Jordan Gogos after Australian Fashion Week looks less like a retreat than a pivot, with Parádeisos at UNSW turning scraps, colour and refusal into a longer argument about Australian style.

Imogen Hartley7 min read

The part of Australian fashion that still holds my attention is the bit that refuses to steam flat. In the Australian Financial Review’s recent report from Jordan Gogos’s Sydney studio, the runway noise has already drained off, but the machines keep going, pressing scraps into fresh cloth and turning last season’s leftovers into next month’s proposition. That is the sharpest way to read Gogos now. Not as a Fashion Week character, and not as a chaos mascot rolled out whenever the local industry wants proof it can still be strange, but as a designer who keeps using mess as material.

Six years running, Australian Fashion Week has had to find room for him. Since founding Iordanes Spyridon Gogos in 2021, he has built a practice that looks handmade even when the ambition is huge: colour clash, compressed textile waste, silhouettes that seem to arrive half a beat before your eye can organise them. Now that energy is being put inside an institutional frame. Parádeisos opens at UNSW Galleries on 29 May, giving the work its first public audience in three years and asking a different question from a runway show: what remains once the applause burns off?

That question matters because local fashion has spent the past few seasons trying to look grown-up. Bigger sponsors. Cleaner luxury cues. More export-friendly polish. Gogos has never seemed very interested in any of that. His clothes, and the room around them, make the case for Australian style as something more personal and less obedient: diasporic, collaborative, emotionally noisy, tied to the hands that made it. What he sounds like now, after the yearly pageant moves on, is clearer.

There is a cheap version of this story, with the enfant terrible still splashing paint on the banquet table. I do not think it is the useful one. The better version is about stamina, and about what happens when a designer keeps turning up with the same insistence until everyone else has to widen their idea of taste.

The mess is the method

Strip away the colour for a moment and speed is what remains. Plenty of designers can produce spectacle; fewer can turn impulse into method. In Fashion Journal’s conversation with him after AFW 2026, Gogos describes a practice with almost no lag between idea and action, the sort of temperament that makes sense only if you believe making is a form of thought.

Jordan Gogos's kind of studio logic, a room crowded with fabric, mannequins and works in progress

In that interview, he puts it plainly:

I don’t sit on my ideas. I act on them, and bring them to life quickly.
— Jordan Gogos, Fashion Journal

A lot of local labels would love a line like that, but on Gogos it does not sound polished for effect. It explains why his collections can feel as if they arrived before the committee could even book the meeting. Australian fashion, at its most cautious, rewards designers who can translate themselves into orderly talking points: heritage, refinement, wearability, market. Gogos’s appeal is simpler than that. He sounds like someone who would rather keep making than wait around for permission. The work is intricate. The animating mood is blunt.

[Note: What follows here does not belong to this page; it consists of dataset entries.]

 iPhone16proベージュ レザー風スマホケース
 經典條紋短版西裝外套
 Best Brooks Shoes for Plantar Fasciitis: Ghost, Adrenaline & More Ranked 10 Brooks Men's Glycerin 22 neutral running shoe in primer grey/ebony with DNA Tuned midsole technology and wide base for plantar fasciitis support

What lingers even more is the line from the same Fashion Journal profile about voice. Gogos does not frame his work as a bid to fit a lineage. He frames it as a way of dragging other lineages into view.

Because I believe in Australian culture and diasporic perspectives … I’ve always wanted to bring a different voice into fashion because I was never in fashion.
— Jordan Gogos, Fashion Journal

That last clause, “I was never in fashion,” keeps catching on the way past because it lands as biography and refusal at once. It says something about temperament, but also about the gate he thinks he approached from the side. Maybe that is why the work reads as communal rather than hermetic. Even in the clipped format of a post-show interview, Gogos sounds less like someone defending a brand than someone protecting a way of seeing, one that treats scraps, colour and cultural reference as live material instead of debris to tidy away.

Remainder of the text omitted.